All the usual stuff.  Composition, light, colors, contrast.  But ultimately it all mixes into what I want the viewer to experience.  What story am I telling.  What moment am I capturing.  Why?  Is it meaningful?  Will it bring pleasure, inspiration, or meaning to the viewer.  Stuff like that.


----------



## Majeed Badizadegan (Dec 8, 2011)

I think "how I can make this picture not suck?" with about a 10% success rate.


----------



## imagemaker46 (Dec 8, 2011)

joealcantar said:


> Most of us do not need a camera to take a picture. Part of everyday life really, we walk around doing our daily rituals and see the images take place in front of us. Subject in the right light, right expression or one of those things you may never see again and wish you had been ready for the image. Basically "there it is" comes to mind when you see the shot in the viewfinder.
> -
> Shoot well, Joe



Well said Joe. When you really understand light you see so many things in small images, where people that don't own/use cameras see just the big picture.  I've always said the big picture is made up of thousands of small pictures, it takes a good photographer to see those ones.


----------



## GooniesNeverSayDie11 (Dec 8, 2011)

My bank account.


----------



## imagemaker46 (Dec 8, 2011)

It really depends on what it is that I'm shooting, once I'm ready to shoot (exposure is correct etc) if it's sports I try and put myself in the game, watching where the play is going, hoping that it's coming my way, trying to antisipate what will happen. I block out what is around me and just concentrate, on what I'm shooting.


----------



## Destin (Dec 8, 2011)

Shooting sports, lets say football it's, "come on, come on. Run to this side of the field. YES, he's coming this way. Come on, Come on, do something interesting (as I'm snapping frames of him running), and then when someone hits him and the ball pops out, i'm going PLEASE TELL ME I GOT THAT." And then after the play I check my photos on my lcd, and if I got it I might fist pump, or high five the photog next to me, or get a stupid smile on my face. But if I missed it I just stand there depressed and wait for the next play.


----------



## unpopular (Dec 8, 2011)

I try to quiet my mind completely.

Maybe that is why I've been accused of taking photographs of nothing.


----------



## camz (Dec 8, 2011)

I tickle my camera's sweet spot.

But I do try to clear my head of all opinions and just act as an observer. No outward thoughts, just absorbing what's infront of me.  It's weird, I feel like I blend into the walls or something...
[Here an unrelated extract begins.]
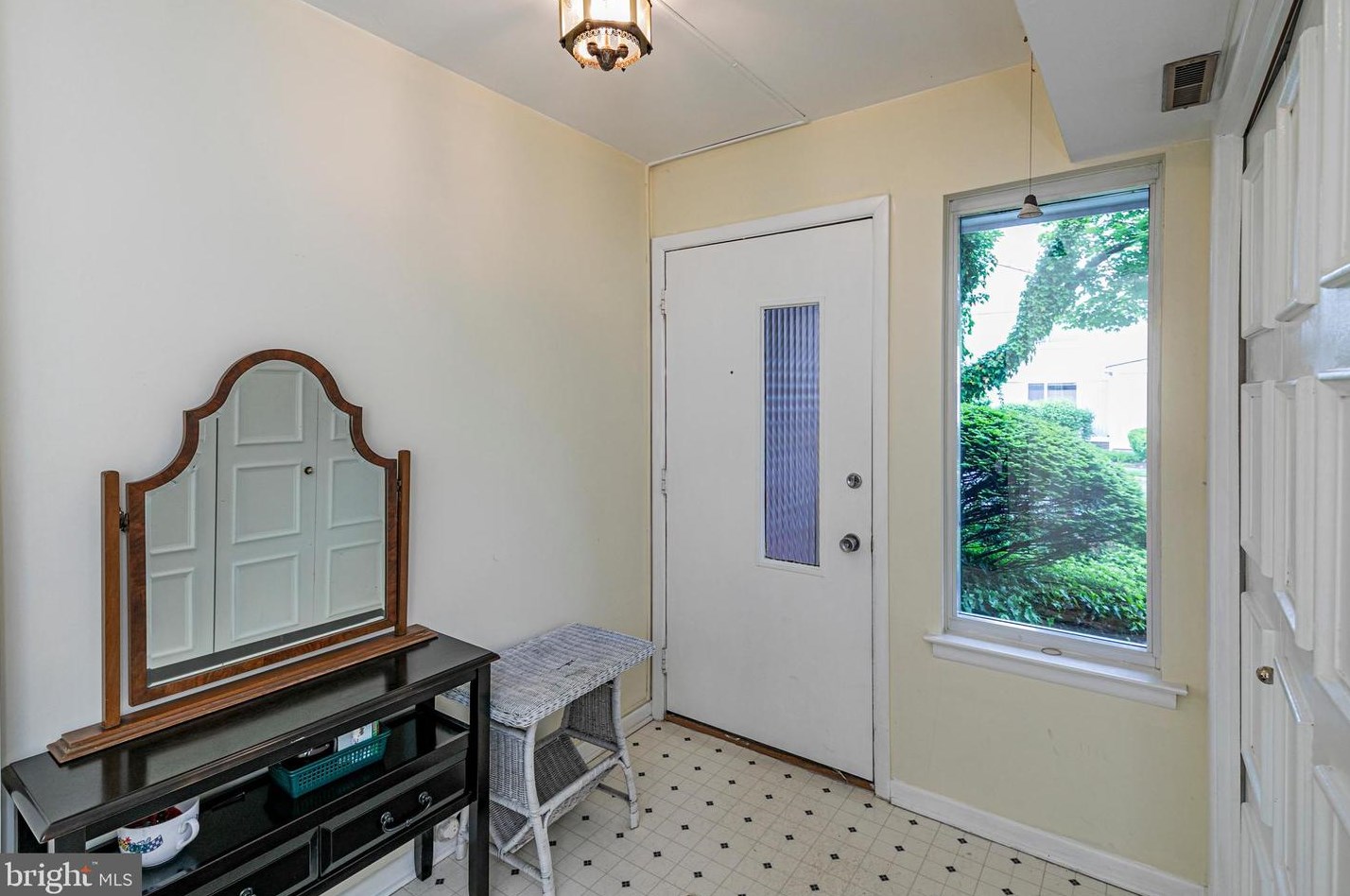 6 Mershon Dr, Princeton NJ 08540-3928 exterior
If I don't do so, all I come up with are snapshots.


----------



## invisible (Dec 8, 2011)

unpopular said:


> I try to quiet my mind completely.
> 
> Maybe that is why I've been accused of taking photographs of nothing.


As most of us who take photographs of nothing know, photographs of nothing require a LOT of thinking.


----------



## unpopular (Dec 8, 2011)

^^ I am not sure thinking is the right word - concentration, yes. But I think that it's a more meditative or mindful kind of concentration, rather than thoughtful.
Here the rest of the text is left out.